Few people cared when the Patriots sent Jeff Demps and a seventh-round draft pick to Tampa
Bay for running back LaGarrette Blount. He had some baggage like Corey Dillon once did and
Blount is carrying it for the Patriots like "Clock-killin' Dillon did for the team the last time
they won the Super Bowl. Blount has been a beast the last few games and he could be the
key to winning the AFC Championship game against the Broncos.

A 260 lb machine for a 7th-round pick? That's the genius of Belichick.

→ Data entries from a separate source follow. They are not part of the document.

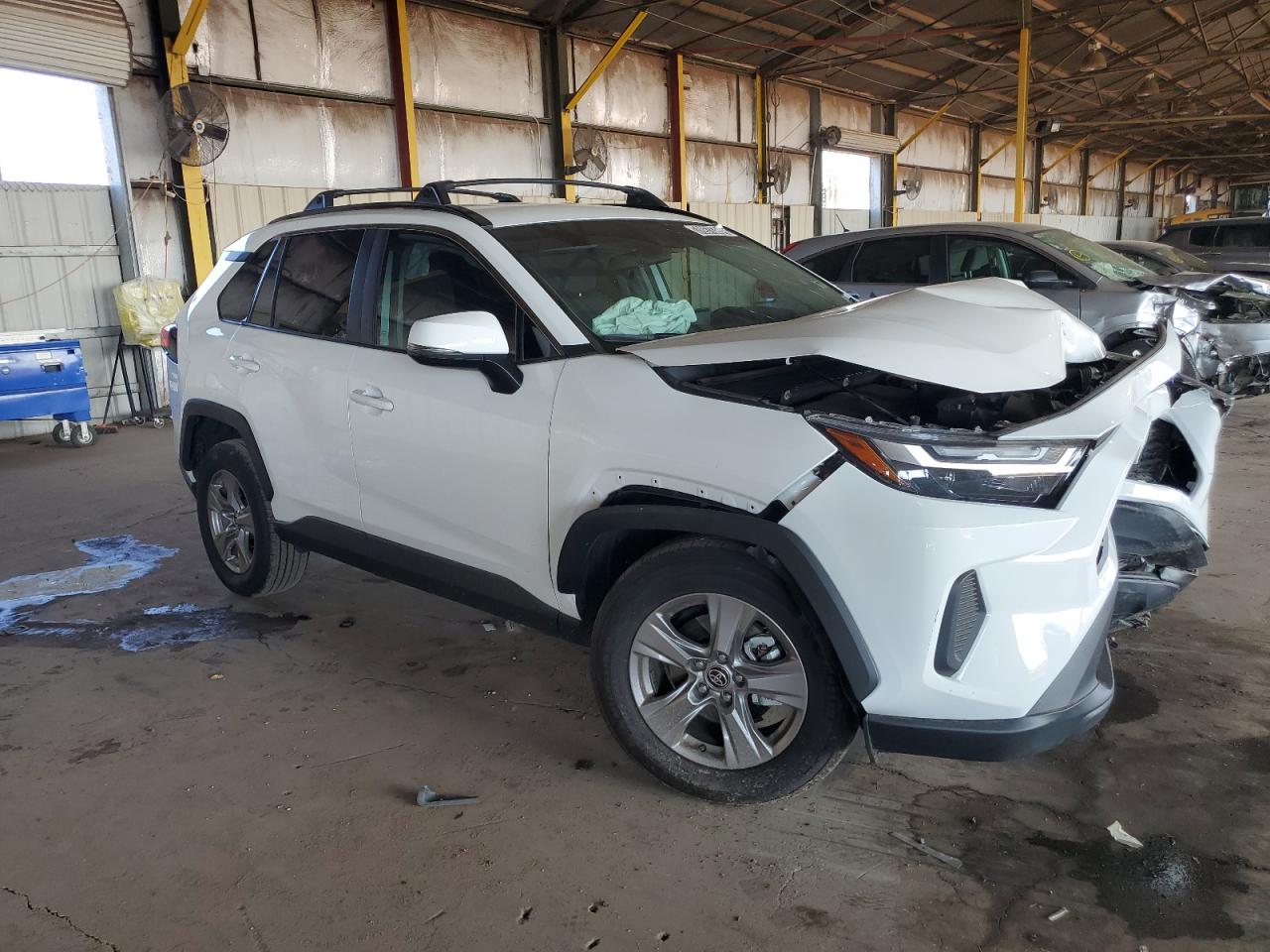 2023 Toyota RAV 4 VIN 2T3P1RFV1PW395962 Copart auction photo, front end damage thumbnail 4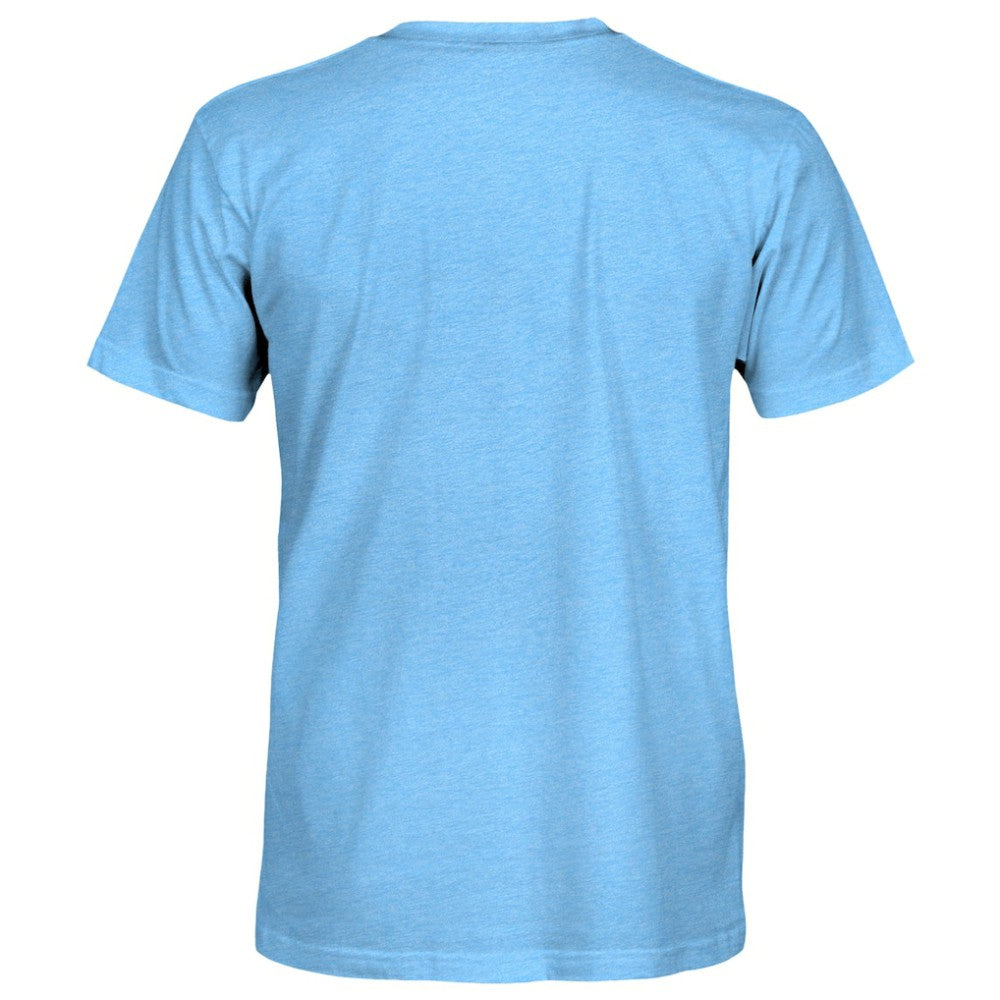 Manchester City 1863FC Mono Badge Retro Tri-Blend T-Shirt Sky Blue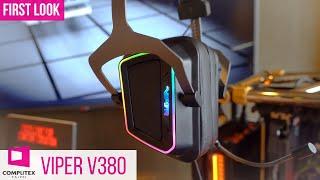 Viper Gaming V380 RGB Headset #Computex2019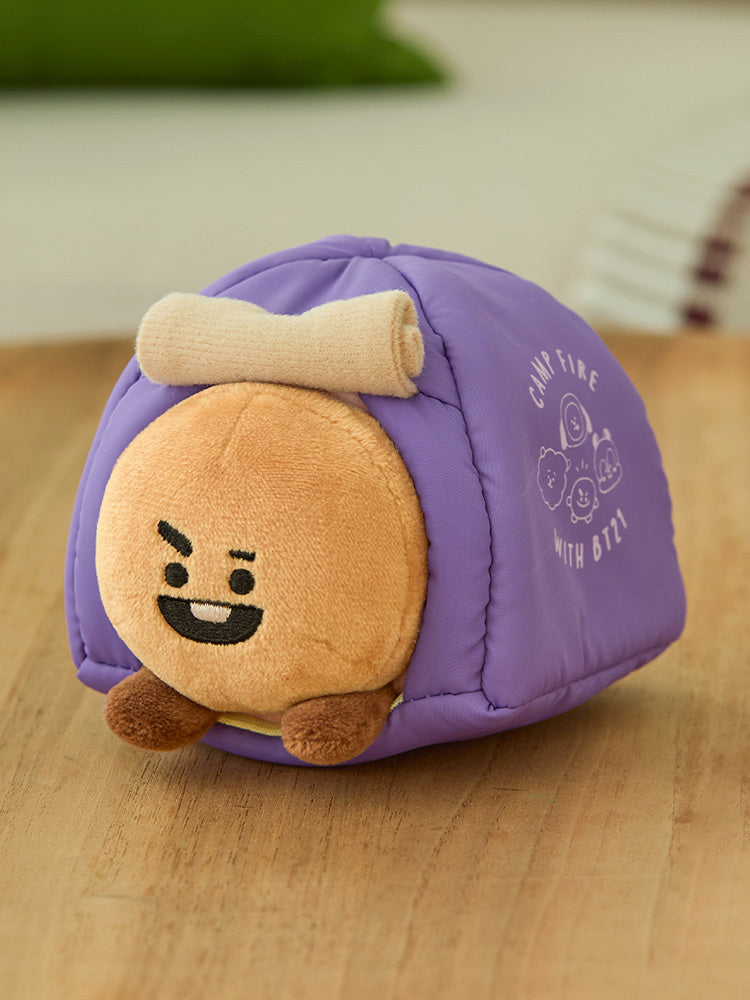 BT21 SHOOKY 캠프파이어 텐트 인형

The Hoodie is head and shoulders about any coach in the NFL. It's not even close. I just wish
the Patriots fans would learn their lesson when Belichick decides to let a player go a year
too early rather than a year too late.

He was the guy who cut Bernie Kosar, the most popular player in Browns history outside
of Jim Brown, and replaced him with Vinny Testaverde. Belichick was the guy who told Drew Bledsoe, a franchise quarterback on his way to the Hall of Fame before Mo Lewis knock
him out, to take a seat in favor of an untested QB named Tom Brady.

I've heard people say that Belichick is just a .500 coach without Brady. That's totally
absurd, but if you want to believe that argument, then you can say the same thing about
Chuck Knoll, Tom Landry, Bill Walsh, and Don Shula. I'm sure if they didnt have
Terry Bradshaw, Roger Staubach, Joe Montana, Steve Young, Bob Griese, and Dan
Marino, there's a good chance they wouldn't have been the coaches they were.

The key is finding those franchise quarterbacks. Nearly every team passed on Brady
six, I repeat, SIX times before the Patriots drafted him. Belichick had a franchise
QB in Bledsoe, but saw something in Brady that made his say good-bye to Bledsoe.

He knew. That's the genius of Belichick. He knew that Edelman could replace the
production of Welker. Yes, he knew.  He knew the team could once again overcome
injuries to All-Pro players.

This is his team, his system, his way. Belichick had all those great assistant coaches
and  player personnel guys but once they went out on their own, they were nothing.
Eric Mangini, Charlie Weis, Romeo Crennel,  Josh McDaniels, and Scott Pioli were
supposed to be the next big things (and Belichicks), but they flopped when they
became the men in charge.

It's further proof of Belichick's genius. Coaches and players come and go, but Belichick
is the one constant, as well as Brady, the guy Belichick found and groomed for greatness.

It's the genius of Belichick. Pure genius.